Le pire, c’est quand on réalise que ce n’est pas un cas isolé et que les dépenses faramineuses qui ne profitent qu’à des individus sont l’apanage de nombre de nos dirigeants : véhicules hors de prix, gadgets électroniques, réfections coûteuses de leurs bureaux, tout prétexte est bon pour vider les caisses.
La folie des véhicules
En 2022, le Ministre de l’Administration Territoriale Paul Atanga Nji a offert au nom du Président de la république 40 véhicules de fonction à 5 préfets et 35 sous-préfets. Un an après c’est-à-dire en mars 2023, c’est 38 véhicules qui étaient offerts aux mêmes autorités, alors même que les enseignants étaient en pleine grève pour réclamer leurs salaires.

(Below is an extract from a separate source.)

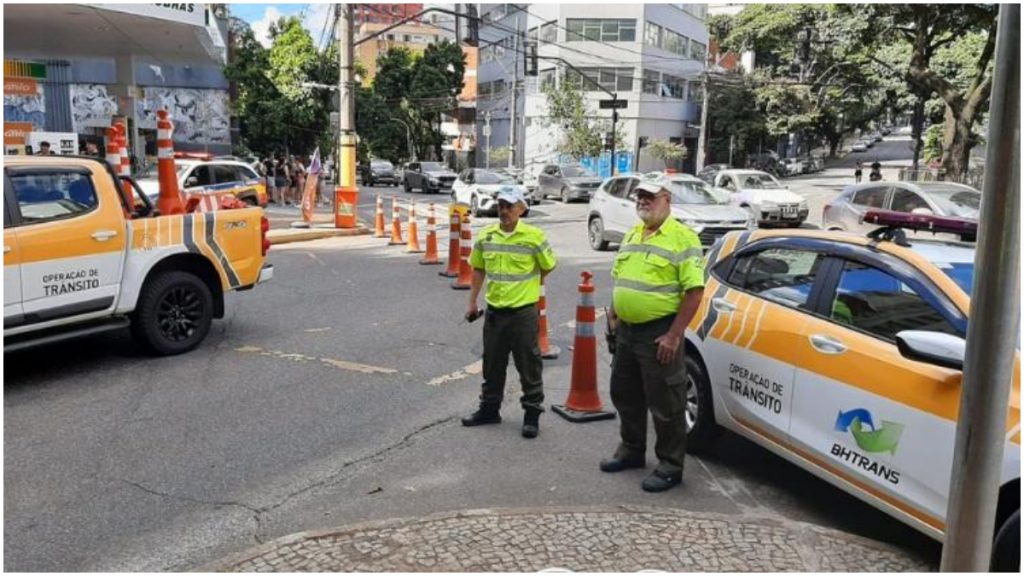 mudança trânsito BH domingo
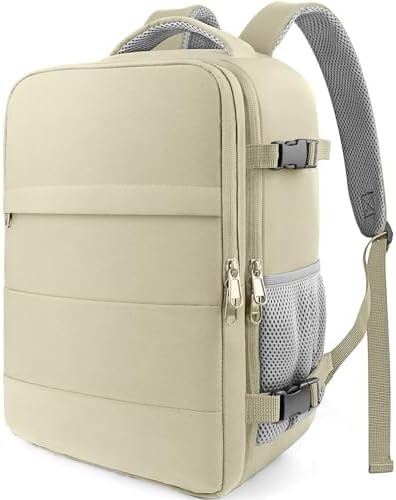 HOTOR Travel Backpack   Flight Approved Travel Bag for Men and Women  Carry on Luggage for 15 6 Laptop and Travel Essentials for Work  Business  Weekender  College 11 8x7 9x17 3  Black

En 2018, c’étaient 50 véhicules dont le prix unitaire était estimé à 38 millions, qui avaient été offerts aux mêmes autorités – que font-ils de ces véhicules après 1 année d’utilisation ?
Pour un pays qui manque cruellement de routes, le goût des autorités camerounaises pour les véhicules de luxe est pour le moins surprenant. En avril 2023, Tassing Rémi, un camerounais de la diaspora, et quelques volontaires anonymes ont entrepris de calculer le montant dépensé par gouvernement pour l’achat de véhicules en excluant les engins de BTP, les tricycles, les pneus. À l’issue du décompte dont les données sont disponibles en ligne, il s’avère que 20,7 milliards de francs CFA de fonds publics ont été utilisés pour acheter des véhicules (au moins 5 fois plus qu’en 2016).
Train de vie
Le train de vie de l’État est la cause de la mauvaise gestion des ressources au Cameroun. Malgré les « efforts » faits dans ce sens, des poches de résistance persistent ce qui rend difficile une meilleure répartition de l’argent public. L’appel d’offres pour la 2 phase de la construction de la résidence du président du CES budgétisé à 2 milliards de francs n’est donc que la manifestation de cette mauvaise habitude que les autorités camerounaises ont prise de se servir elles-mêmes en priorité au lieu de rendre service aux populations.